━━ Dataset ━━

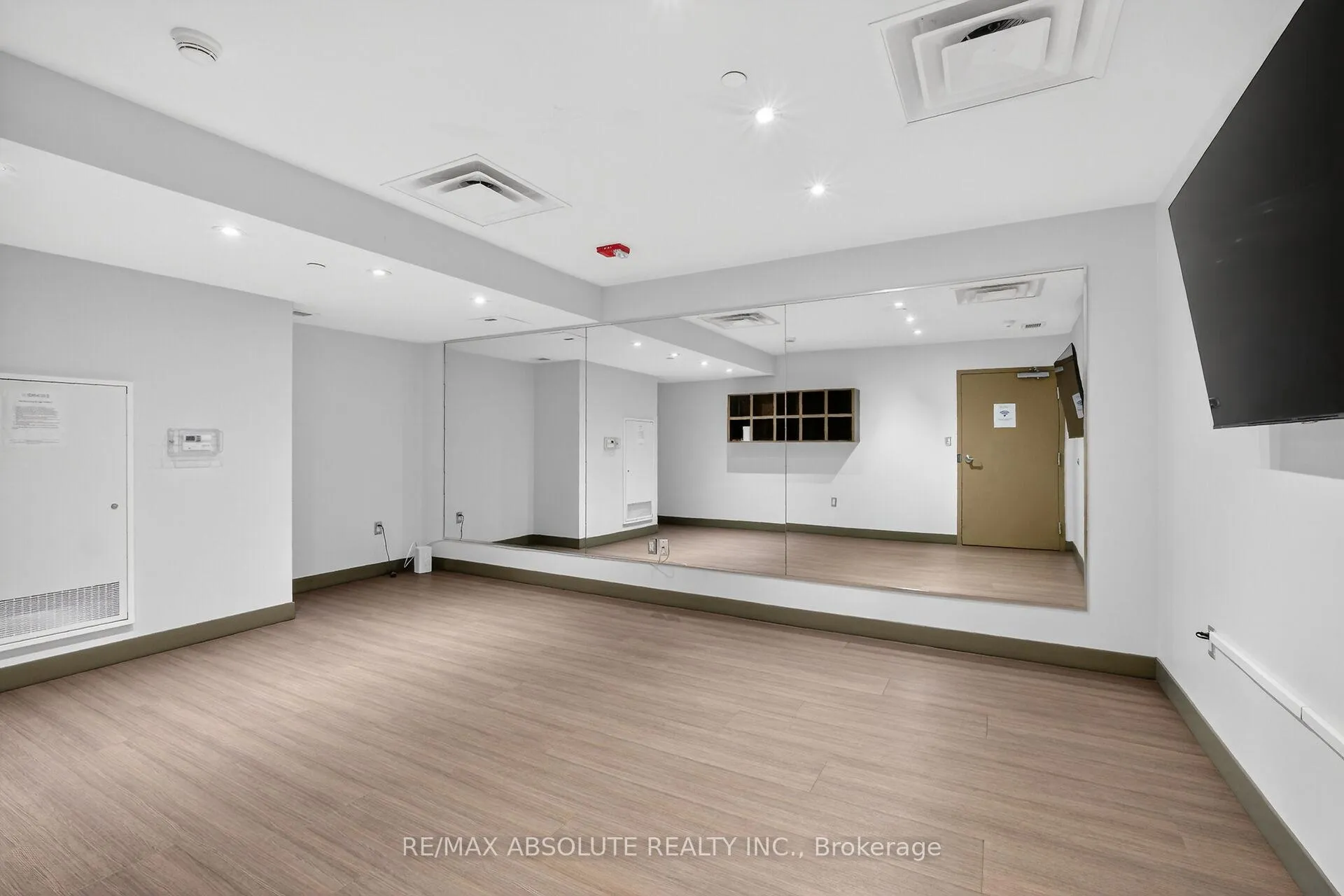Photo 36 of Unit 305, 570 De Mazenod Avenue, Ottawa, Ottawa East — HOMEH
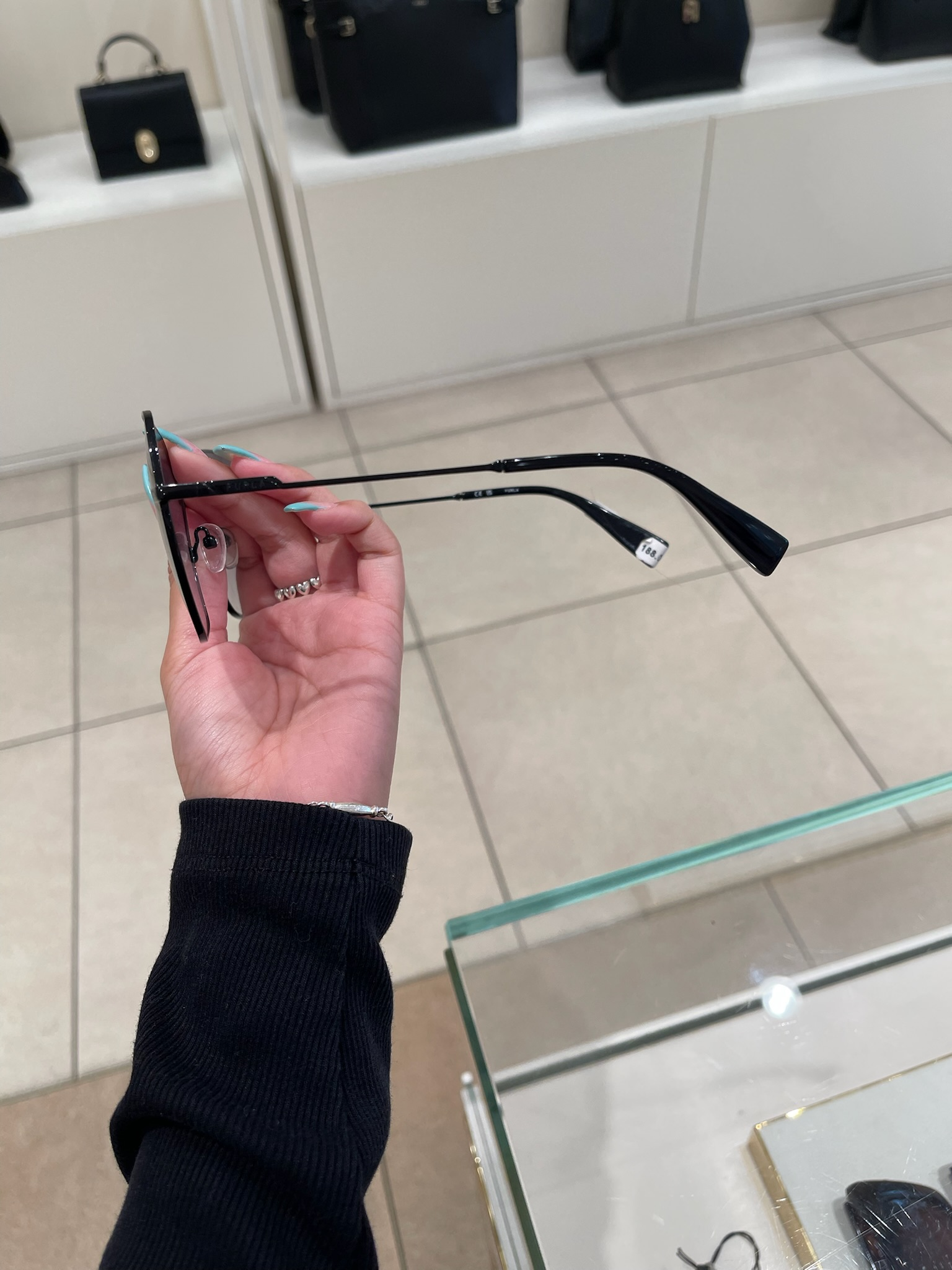 【預購】FURLA H040454 經典系列六角大框墨鏡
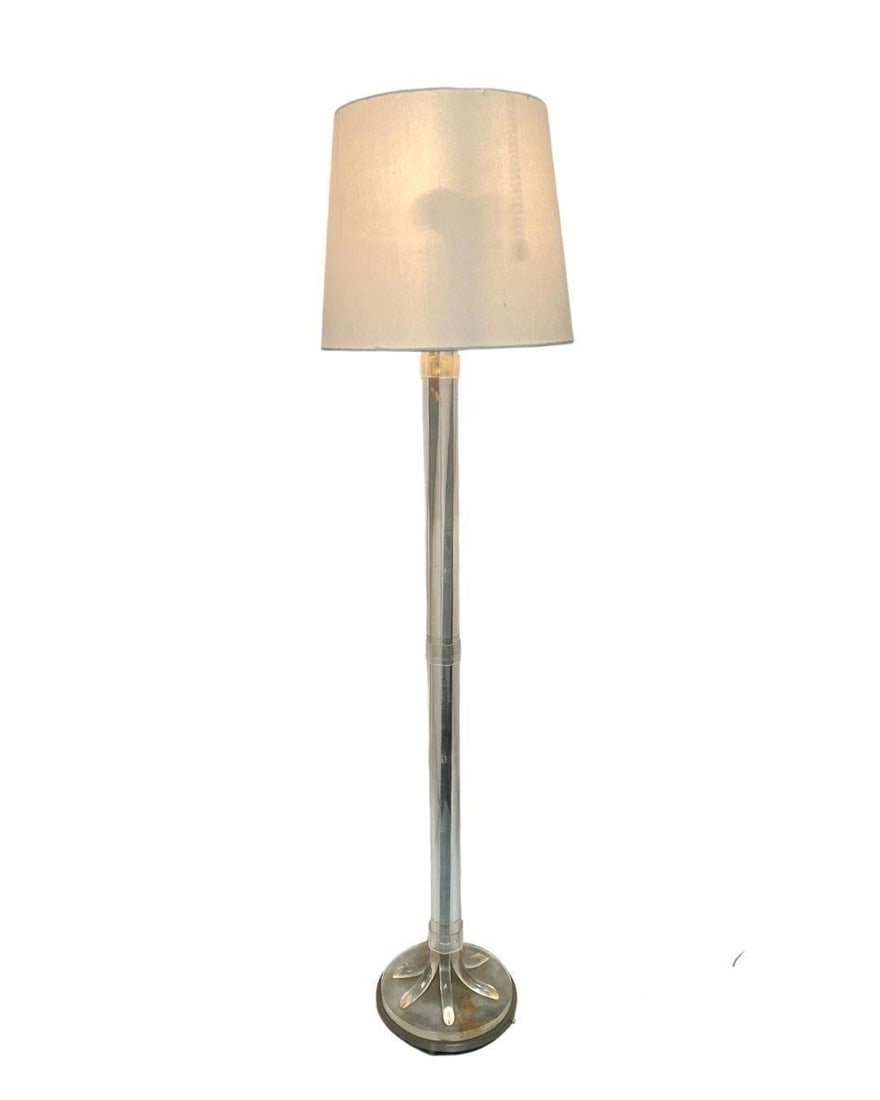 Hollywood Regency Lucite and Chrome Floor Lamp - 4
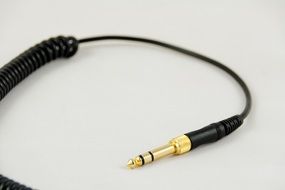 isolated audio cable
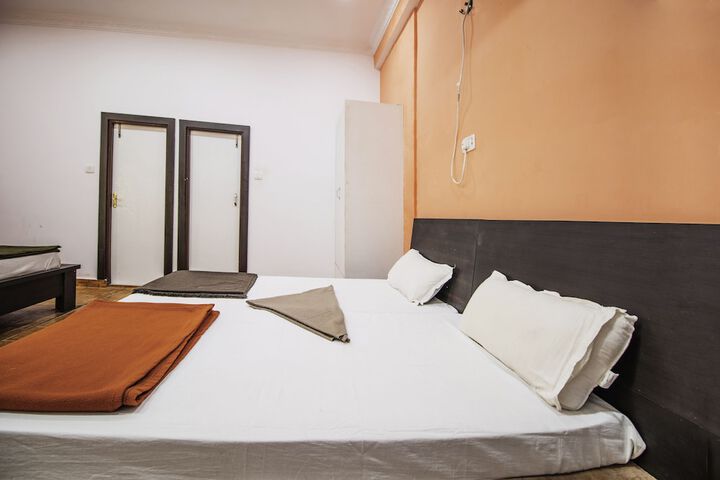 Room 6 of 21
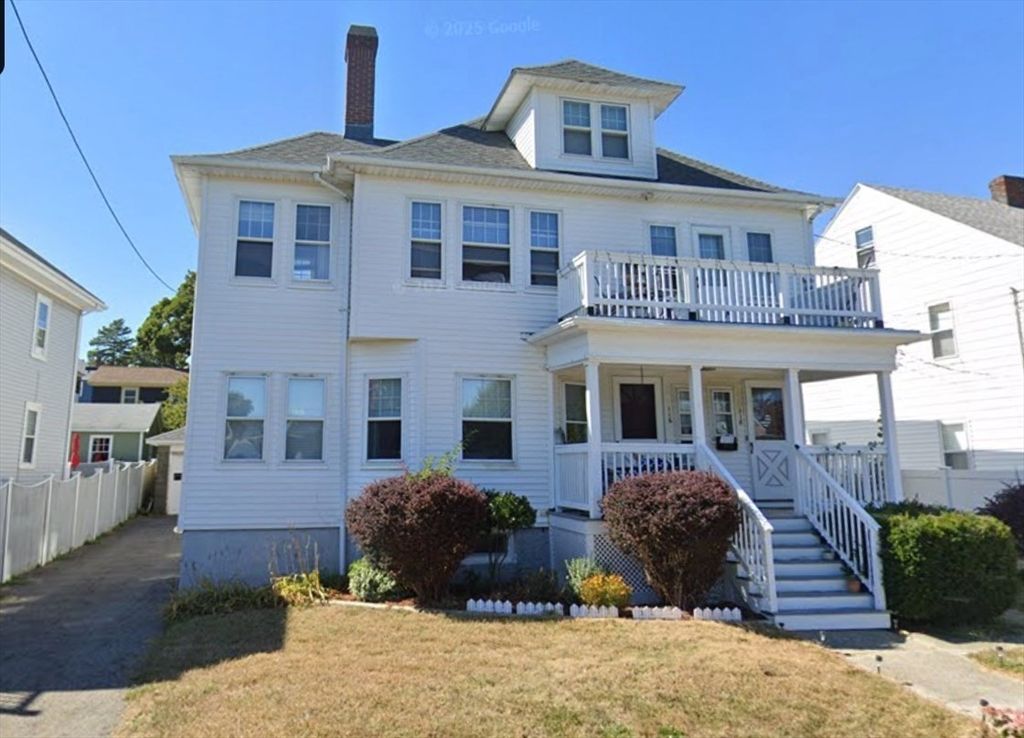 Exterior, Facade, American Foursquare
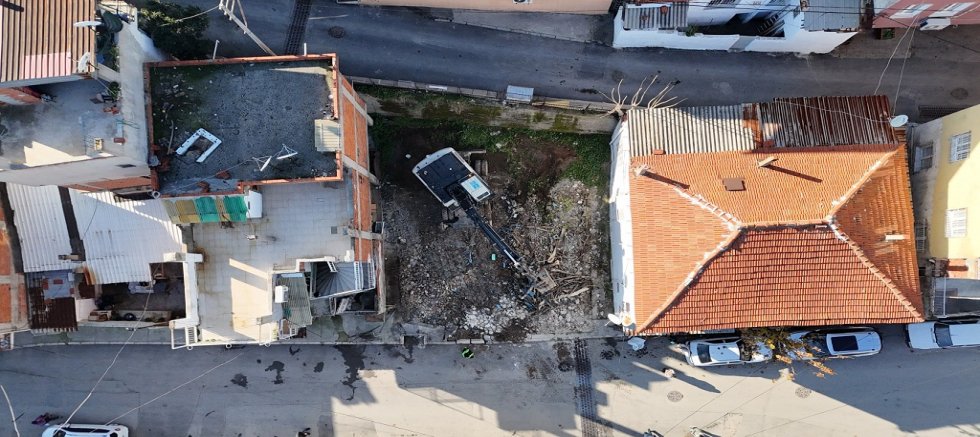 Konak’ta metruk bina yıkımları sürüyor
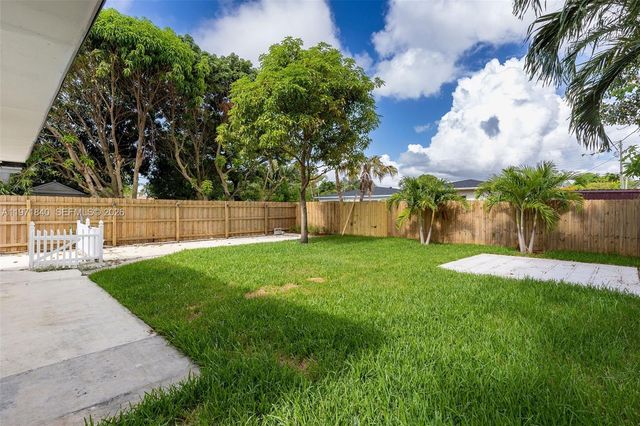 132 SW 2nd Ave, Hallandale Beach, FL 33009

━━━

Problem requirements: Print the listing word for word, but omit the pictures.

Expected answer:
Photo 36 of Unit 305, 570 De Mazenod Avenue, Ottawa, Ottawa East — HOMEH
 【預購】FURLA H040454 經典系列六角大框墨鏡
 Hollywood Regency Lucite and Chrome Floor Lamp - 4
 isolated audio cable
 Room 6 of 21
 Exterior, Facade, American Foursquare
 Konak’ta metruk bina yıkımları sürüyor
 132 SW 2nd Ave, Hallandale Beach, FL 33009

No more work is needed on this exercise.